== Segment start ==

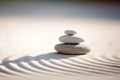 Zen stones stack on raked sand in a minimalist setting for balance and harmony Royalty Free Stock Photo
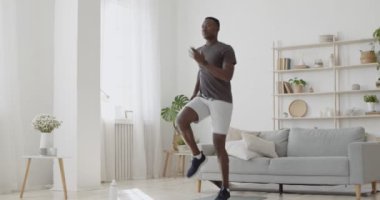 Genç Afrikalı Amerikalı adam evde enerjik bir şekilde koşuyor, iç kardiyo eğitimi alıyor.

== Segment end ==
== Segment start ==

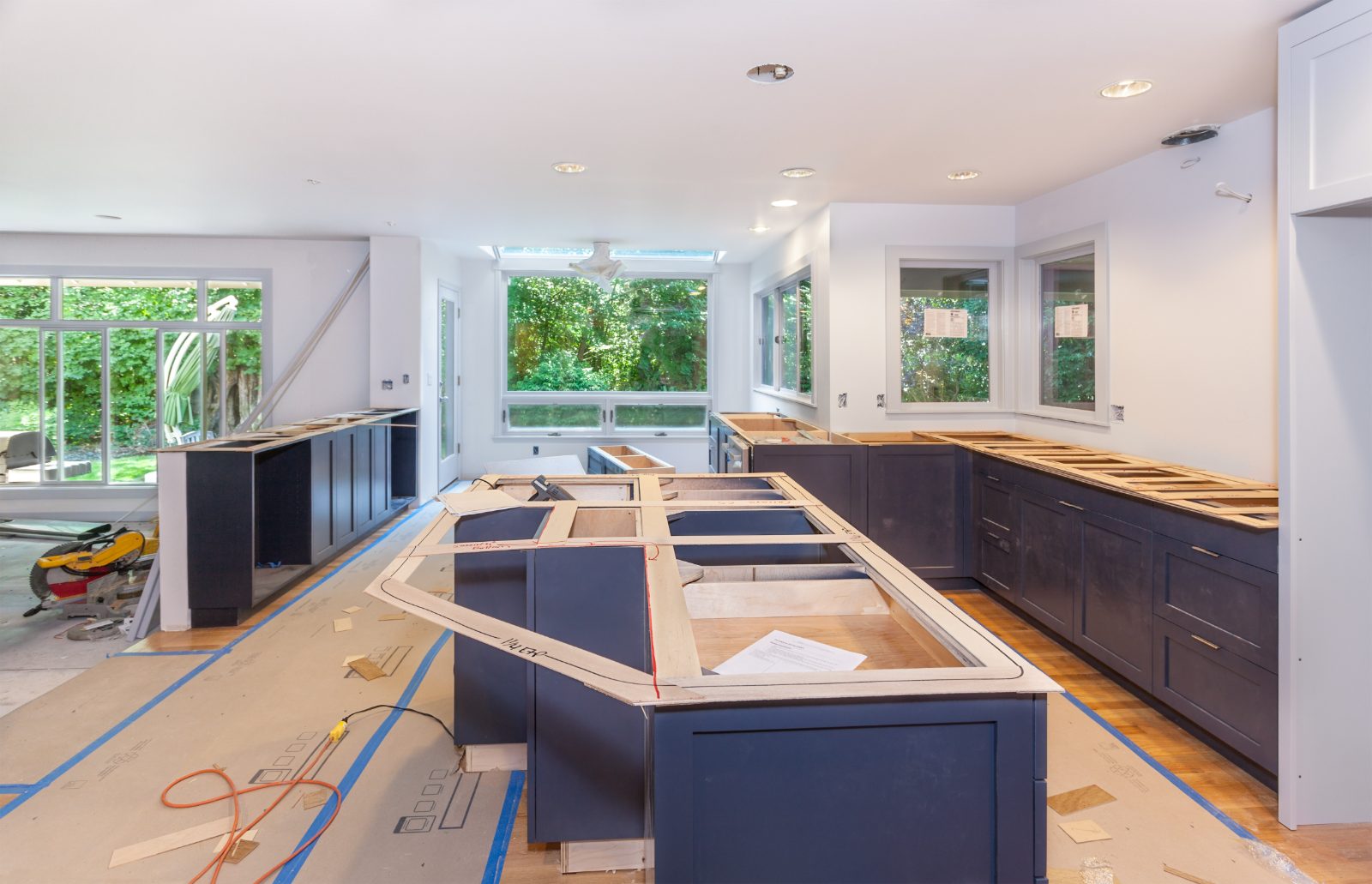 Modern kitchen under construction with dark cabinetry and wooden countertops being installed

== Segment end ==
== Segment start ==

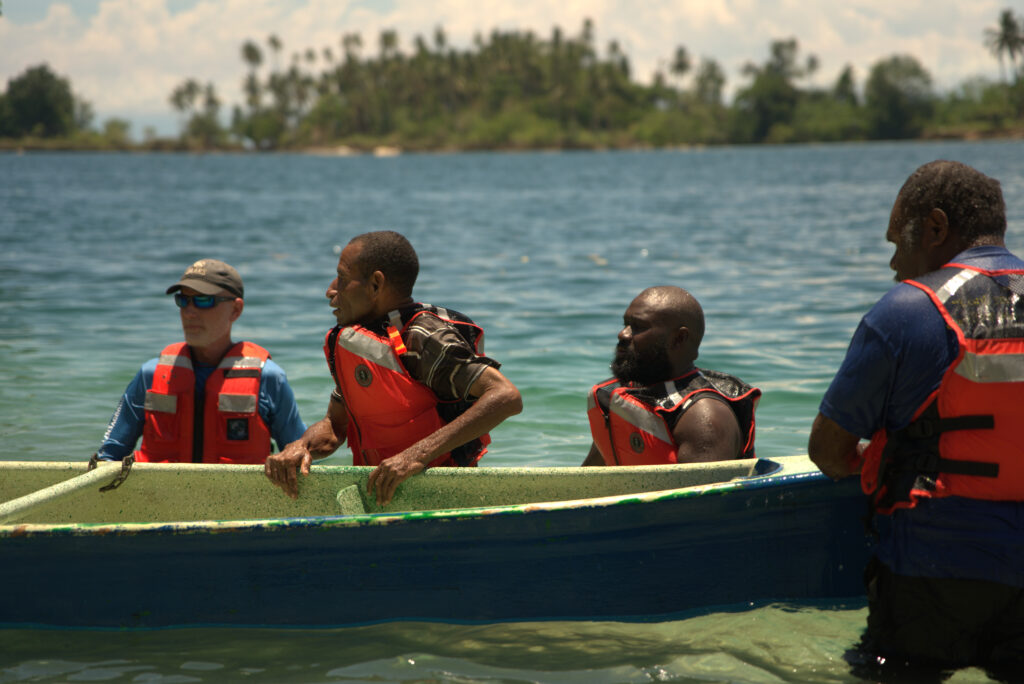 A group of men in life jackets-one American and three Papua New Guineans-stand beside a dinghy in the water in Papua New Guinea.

== Segment end ==

*What this task involves:*
Of the lines above, copy only those from the one holding "Zen stones stack" to the one holding "Genç Afrikalı Amerikalı", both included, and exclude every image.

*Answer space:*
 Zen stones stack on raked sand in a minimalist setting for balance and harmony Royalty Free Stock Photo
 Genç Afrikalı Amerikalı adam evde enerjik bir şekilde koşuyor, iç kardiyo eğitimi alıyor.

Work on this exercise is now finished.